Thirty-eight years ago, Ukrainian-born Fedor Fedorenko slipped into the United States in the aftermath of World War II. When he applied for a visa, he failed to tell US authorities that he had spent two years as an armed guard at the Nazi death camp of Treblinka in Poland.

This week, the past caught up with the 73-year-old Florida retiree, who became a US citizen in 1970. The US Supreme Court, ruling 7 to 2 on Jan. 21, stripped Mr. Fedorenko of his citizenship for lying about his Treblinka activities, which would have automatically forbidden him entrance to this country under the Displaced Persons Act.

In its first ruling on a naturalized citizen accused on a Nazi crime, the high court has issued a clear message that it will not allow the "illegal or fraudulent procurement of citizenship," as stated by Associate Justice Thurgood MArshall in the majority opinion.

Speaking for the court, Justice Marshall said that despite the fact that Fedorenko has lived an upstanding life in this country, he had entered this country under false pretenses, and "naturalization that is unlawfully procured can be set aside."

"That was the decision we had argued for," said Allen A. Ryan Jr., director of the office of special investigations for the US Department of Justice. He predicted that the Justice Department would immediately seek Fedorenko's deportation.

Phil Baum, associate executive director of the American Jewish Congress, called the ruling a major victory. Noting that lower courts had been divided over the issue of revoking citizenship, he said: "This makes it plain that when you lie about matters of this nature, you cannot profit from that lie."

Associate Justices Byron White and John Paul Stevens dissented separately. Justice Stevens called the ruling "depressing" and charged that it would endanger other naturalized citizens, including Jews, who may have been forced to assist Nazis in concentration camps.

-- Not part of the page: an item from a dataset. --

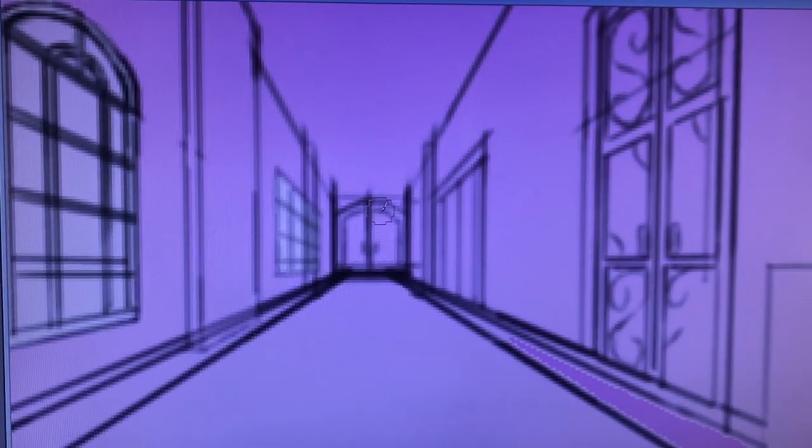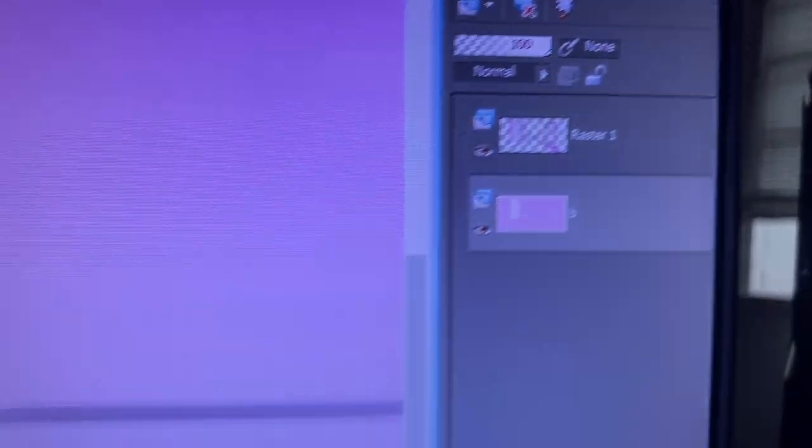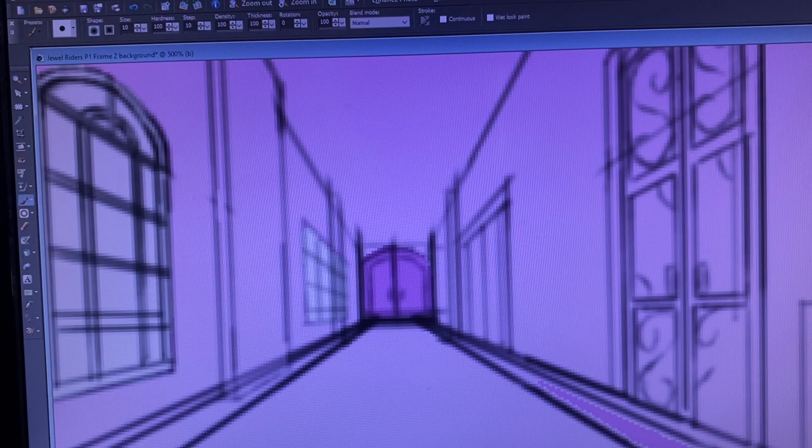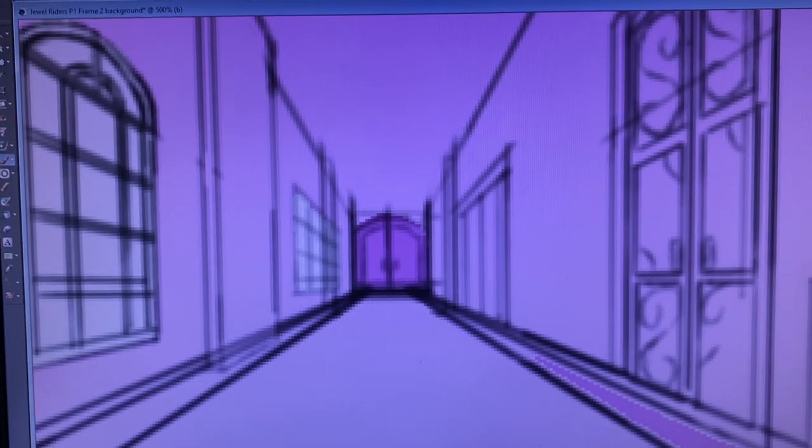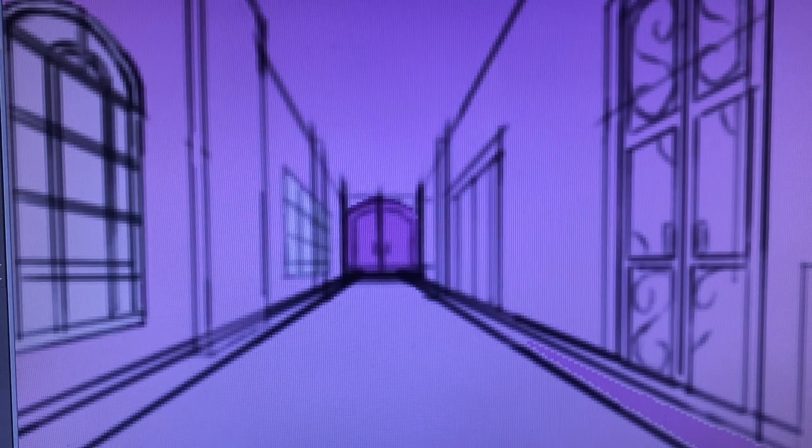This is behind the scenes of painting the unicorn comic, and you can see how we are painting each frame. It's on a different layer, so each of the different layers are over here. As you can see, we have first the paint layer and then we have the line art. So that is behind the scenes of our unicorn comic.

In other action, the Supreme Court:

* Upheld a ban on plastic nonreturnable milk bottles in Minnesota challenged by the dairy industry. The industry charged that the ban violated the Constitution's equal protection clause because plastic containers are forbidden, but not cardboard cartons.

* Ruled that members of a border patrol had reason to suspect a crime when they searched a truck and found Mexican nationals trying to come into the us illegally. The patrol had found a series of footprints in the area, indicating trafficking in illegal aliens.

* Decided that if a company pledges stock to a bank as collateral for a loan, that action is an "offer or sale" of that security under federal law.